**How to complete this task**
Instruction for the listing below: copy exactly, and only, the lines from the one holding "4 bedroom detached" through its last line, omitting any picture.

**Source data**
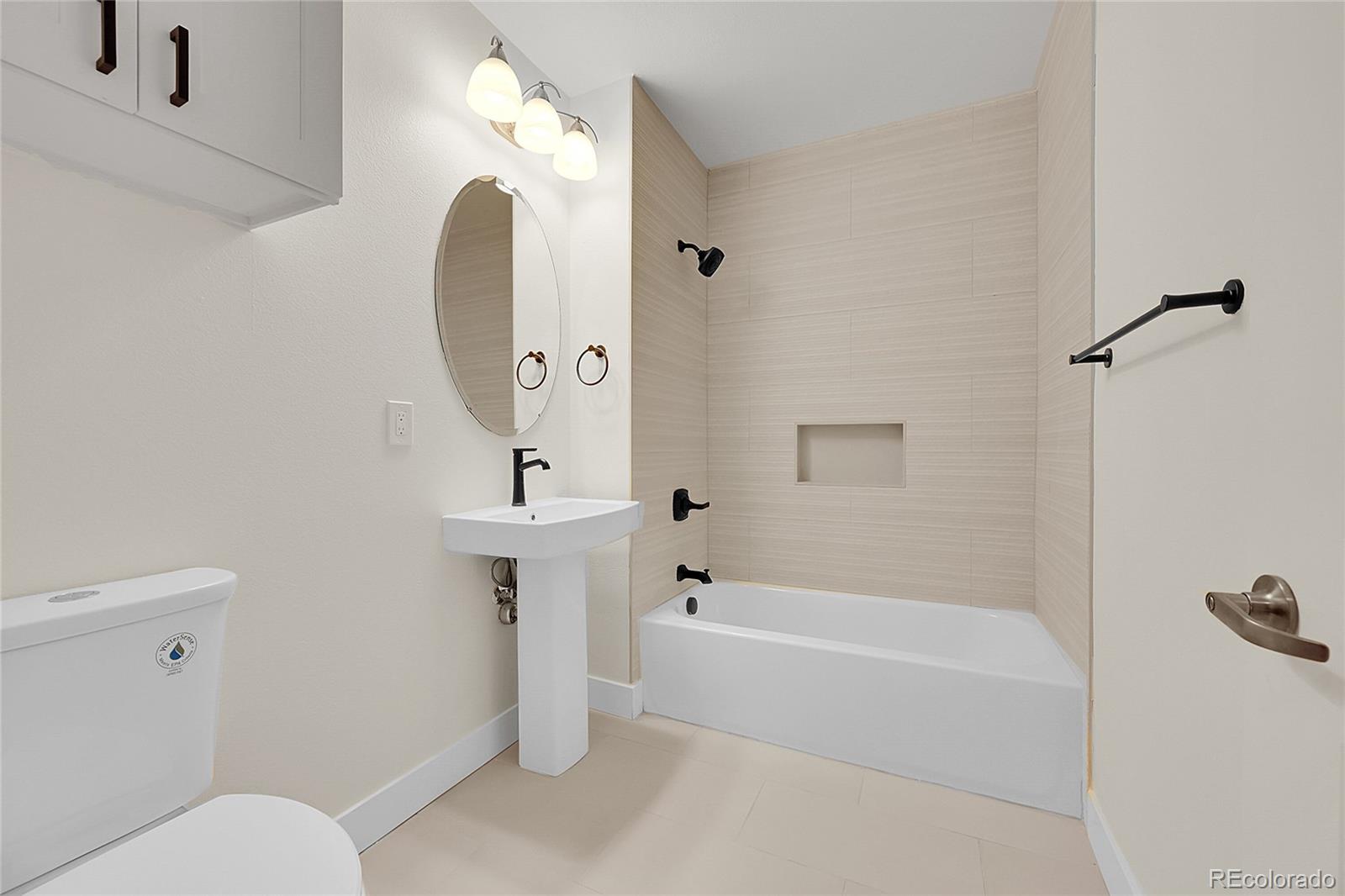 MLS Image #9 for 1441  central street 515,denver, Colorado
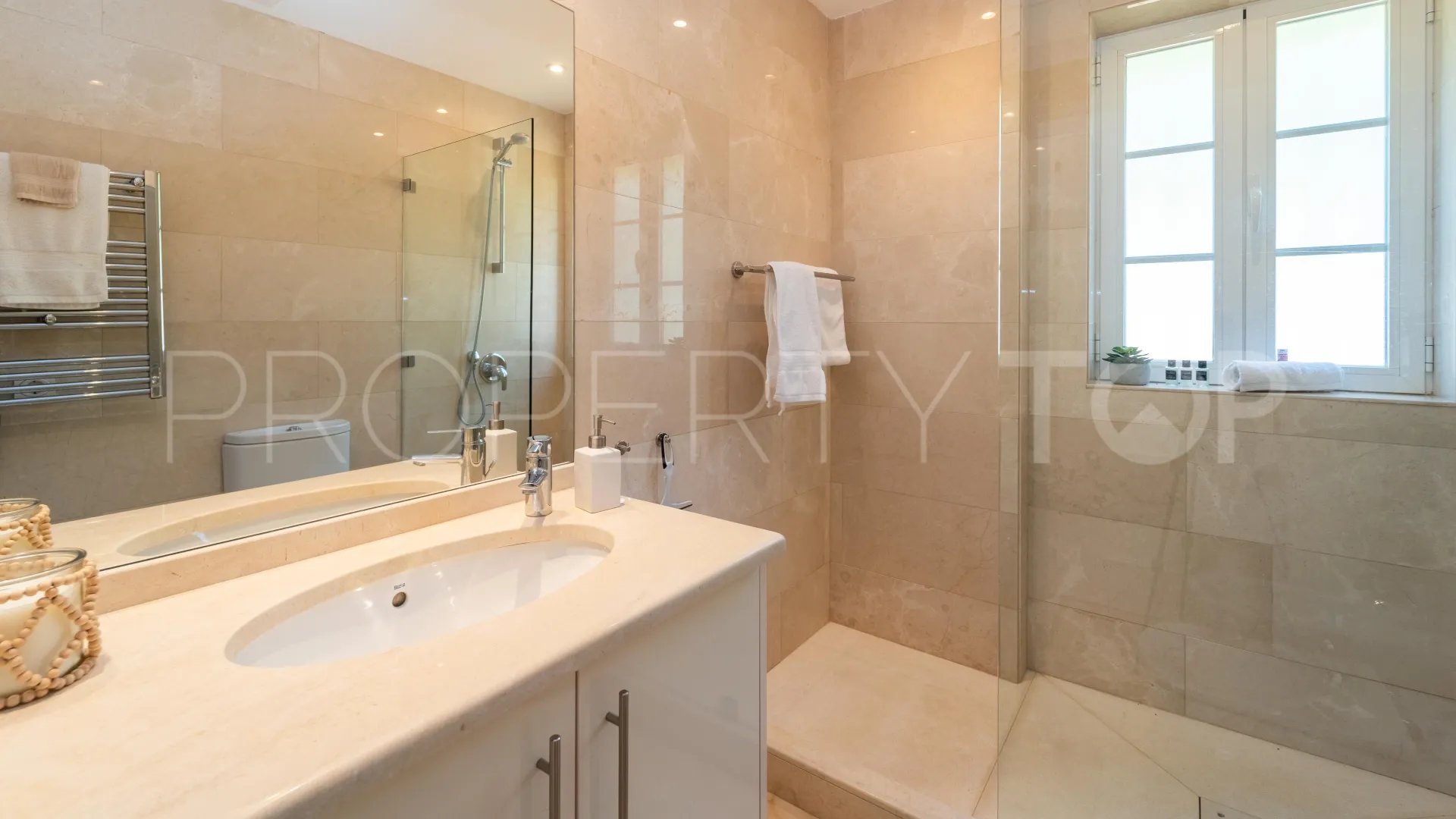 Elviria, villa en venta de 4 dormitorios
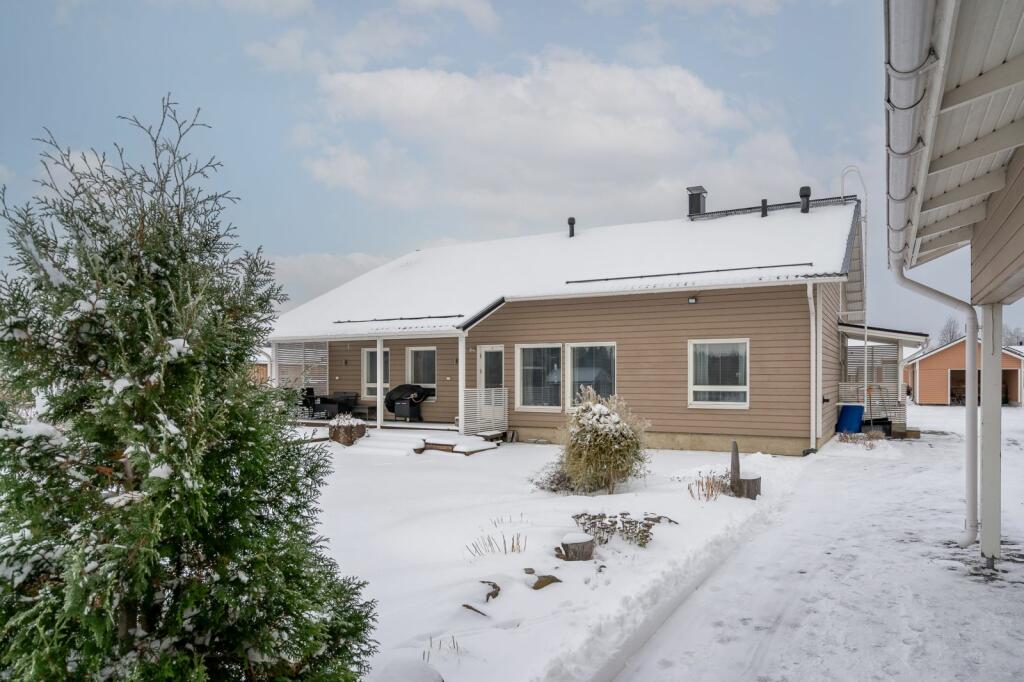 4 bedroom detached house for sale in Oulu, Raahe, Finland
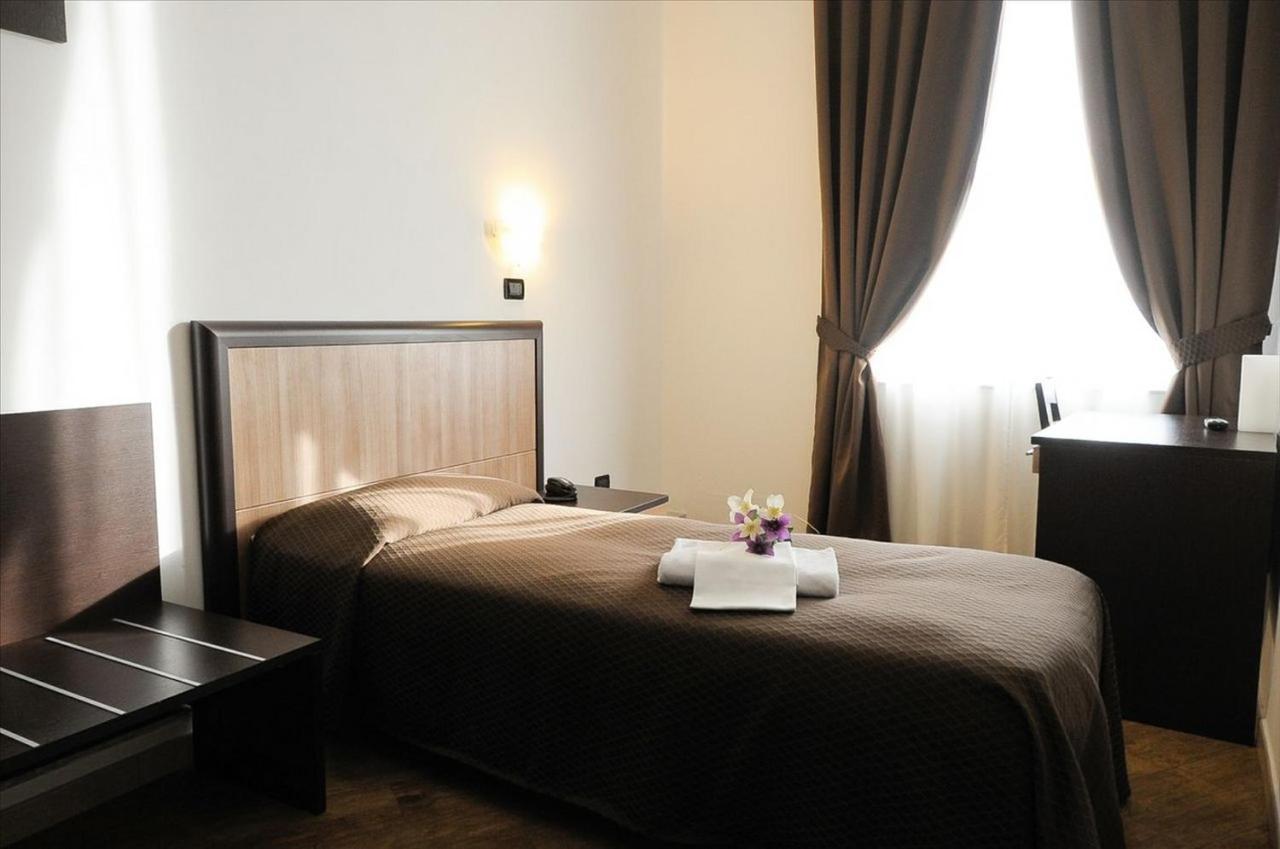 Hotel Chopin جنوة المظهر الخارجي الصورة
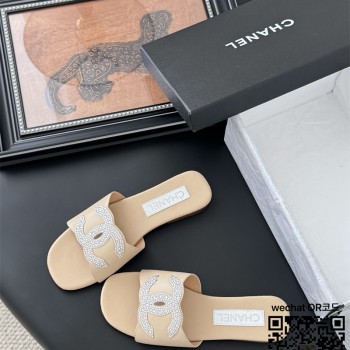 샤넬 힐 샌들 슬리퍼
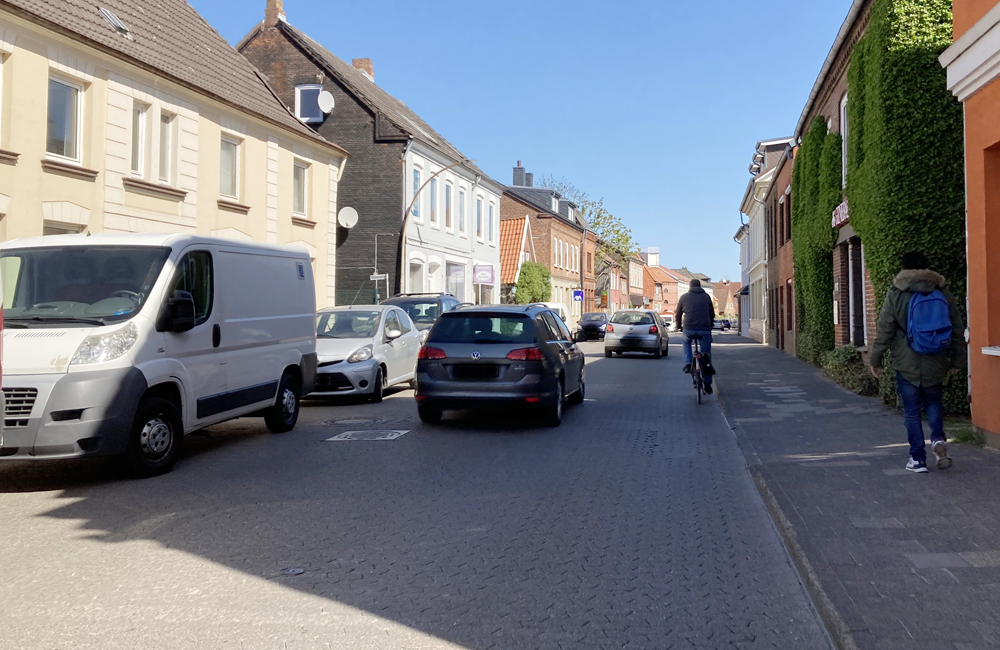 In der Kirchenstraße ist es zu eng, damit Radfahrende sicher überholt werden können.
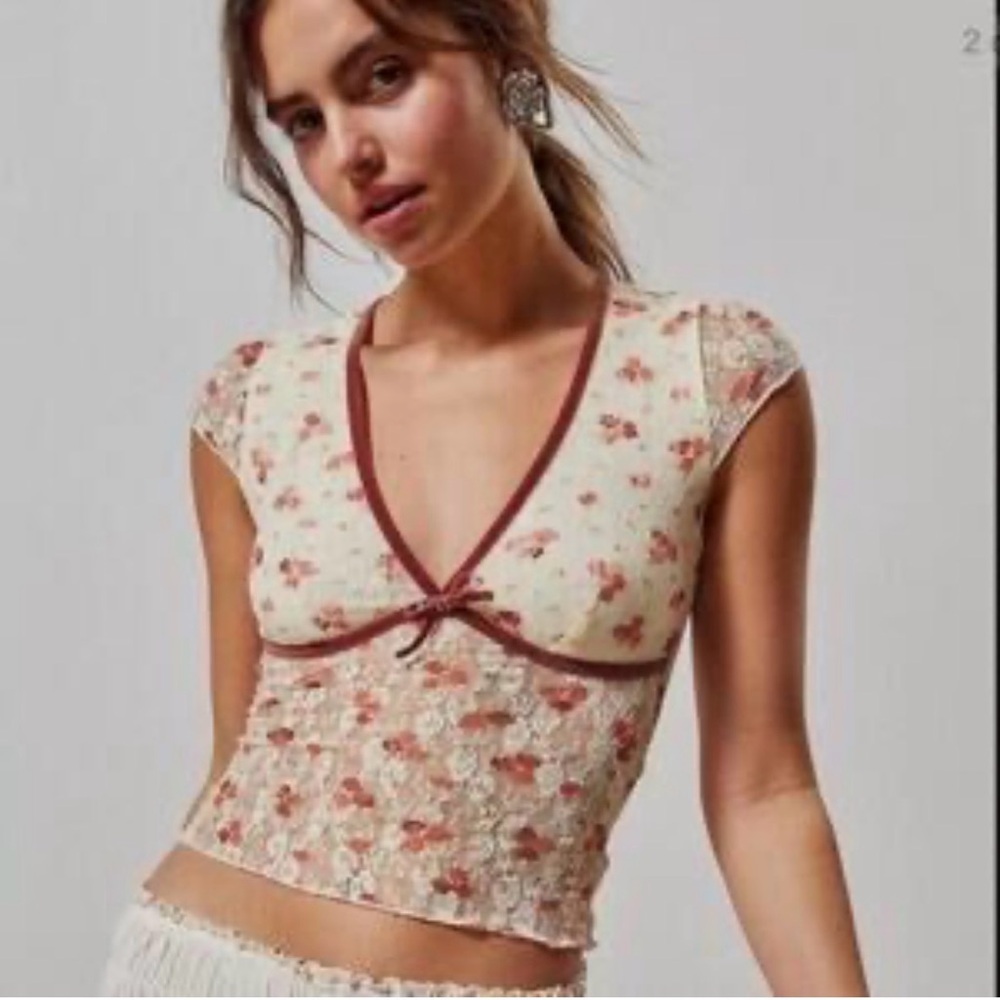Urban Outfitters Kimchi Blue Cream Floral Lace Blouse - Picture 2 of 14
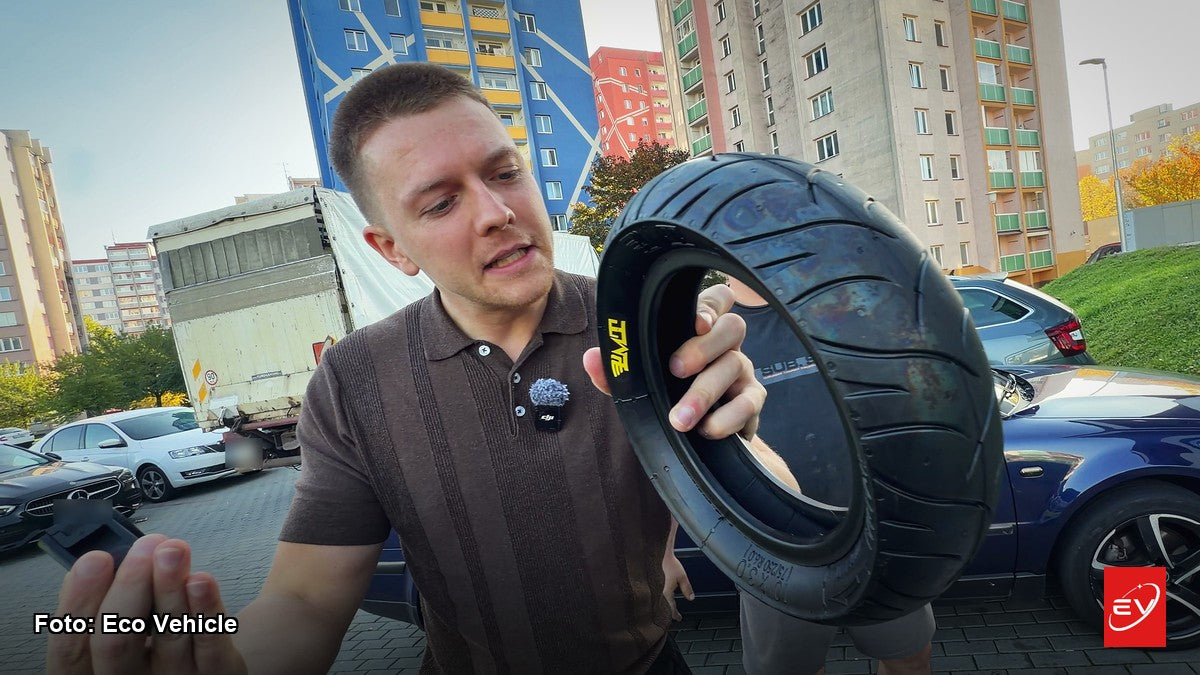 Zakladatel Eco Vehicle Libor Strnad s pneumatikou PMT E-Fire 10x3 z dnešní zásilky v Ostravě. Foto: Eco Vehicle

**Expected output**
 4 bedroom detached house for sale in Oulu, Raahe, Finland
 Hotel Chopin جنوة المظهر الخارجي الصورة
 샤넬 힐 샌들 슬리퍼
 In der Kirchenstraße ist es zu eng, damit Radfahrende sicher überholt werden können.
Urban Outfitters Kimchi Blue Cream Floral Lace Blouse - Picture 2 of 14
 Zakladatel Eco Vehicle Libor Strnad s pneumatikou PMT E-Fire 10x3 z dnešní zásilky v Ostravě. Foto: Eco Vehicle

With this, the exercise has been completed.